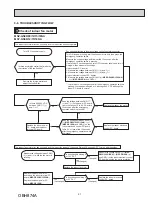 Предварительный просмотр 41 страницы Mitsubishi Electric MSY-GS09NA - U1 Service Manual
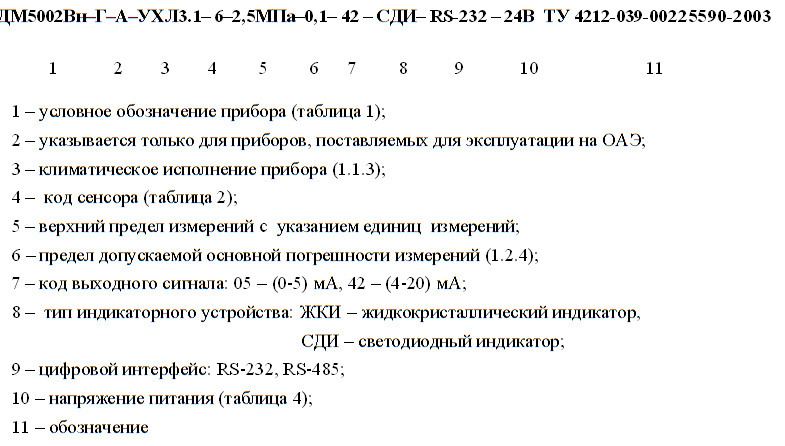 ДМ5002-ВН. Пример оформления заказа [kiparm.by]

***

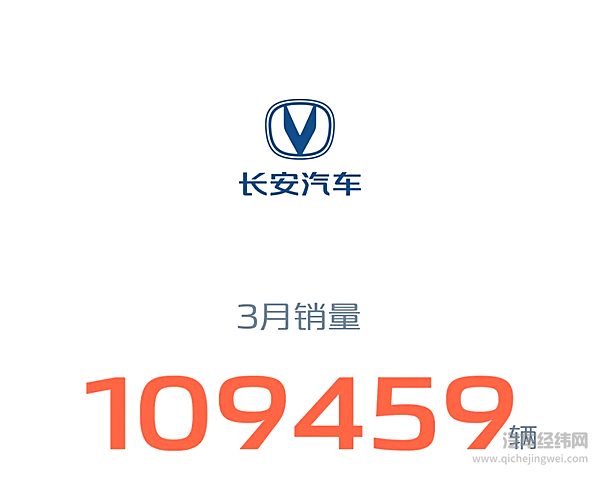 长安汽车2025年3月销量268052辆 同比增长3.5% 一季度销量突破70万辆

***

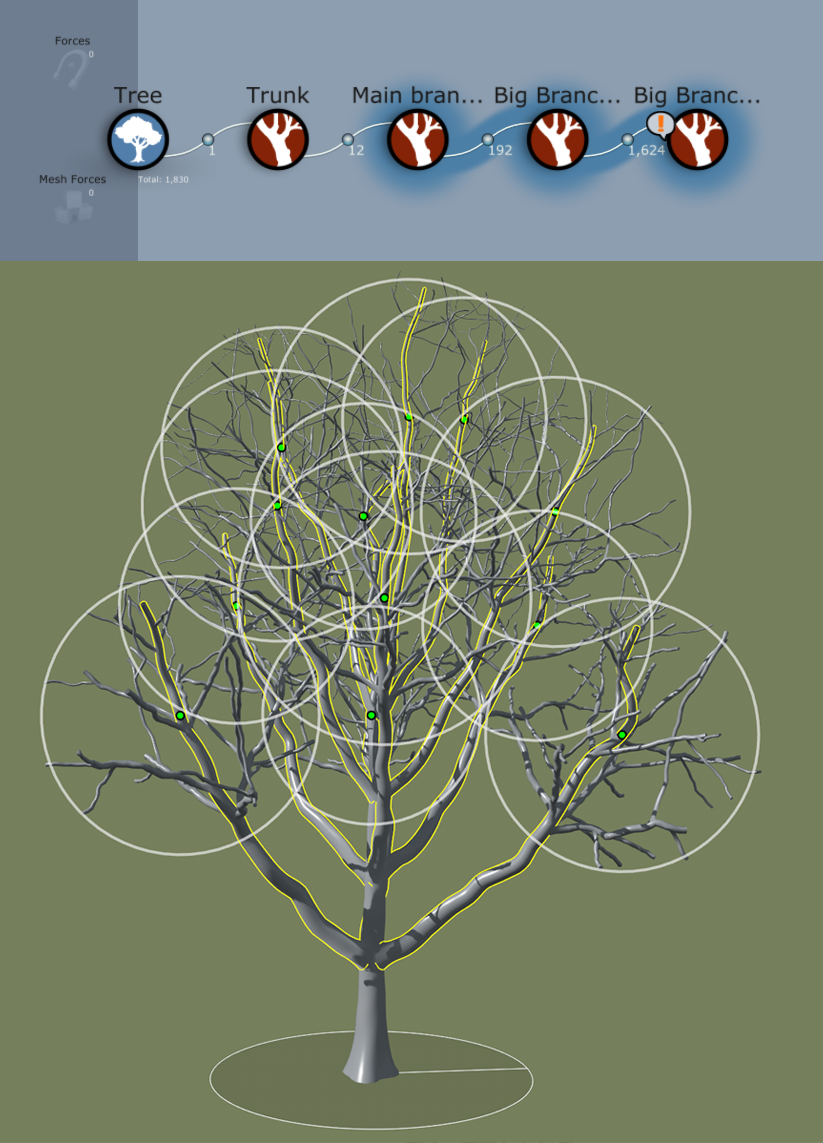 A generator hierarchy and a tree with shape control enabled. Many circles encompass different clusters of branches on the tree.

***

Set down, exactly as written above, each line from the one with "Предварительный просмотр 41" through the one with "ДМ5002-ВН. Пример оформления", and skip the pictures.

◆ **TASK ANSWER**
 Предварительный просмотр 41 страницы Mitsubishi Electric MSY-GS09NA - U1 Service Manual
 ДМ5002-ВН. Пример оформления заказа [kiparm.by]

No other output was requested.